### What this task involves
With both ends included, repeat exactly the lines of the entries below from the one containing "cara, playa y" down to the one containing "Casa 3 quartos, sendo", and no others.

### Entries provided
:::::

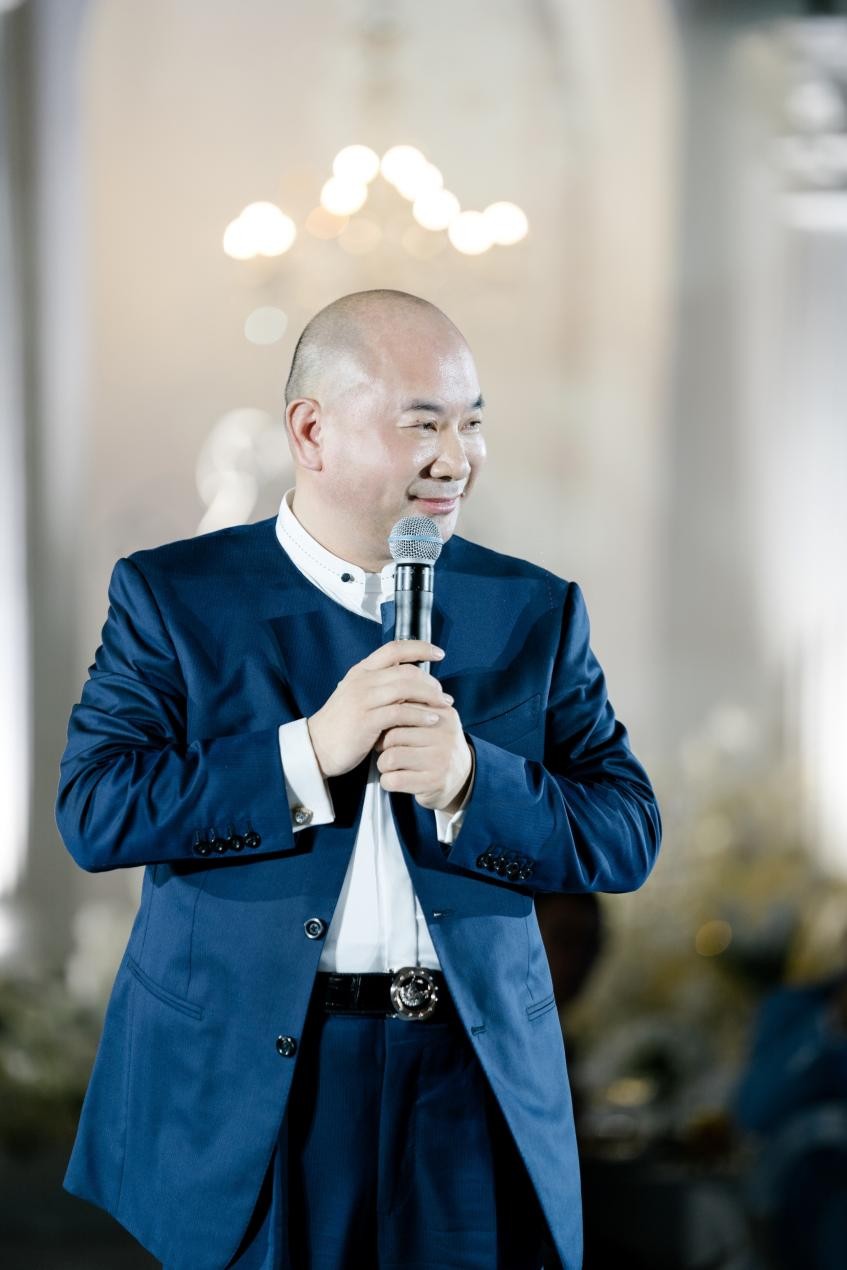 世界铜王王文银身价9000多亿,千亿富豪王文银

:::::

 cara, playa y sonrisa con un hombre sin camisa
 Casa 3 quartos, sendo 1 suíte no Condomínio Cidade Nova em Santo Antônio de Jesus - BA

:::::

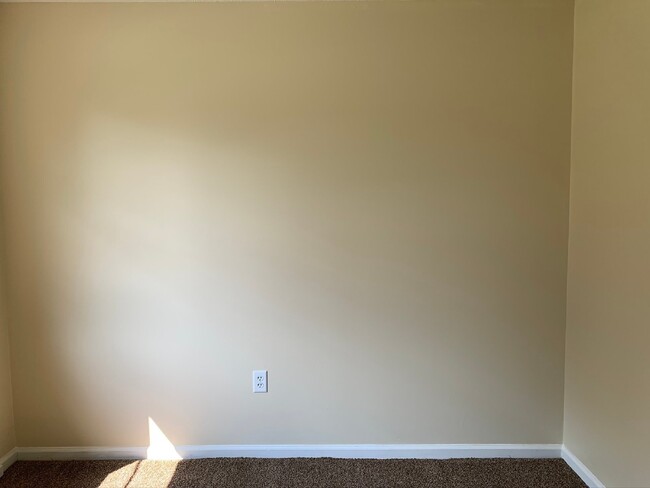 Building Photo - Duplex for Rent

:::::

### Exercise answer
 cara, playa y sonrisa con un hombre sin camisa
 Casa 3 quartos, sendo 1 suíte no Condomínio Cidade Nova em Santo Antônio de Jesus - BA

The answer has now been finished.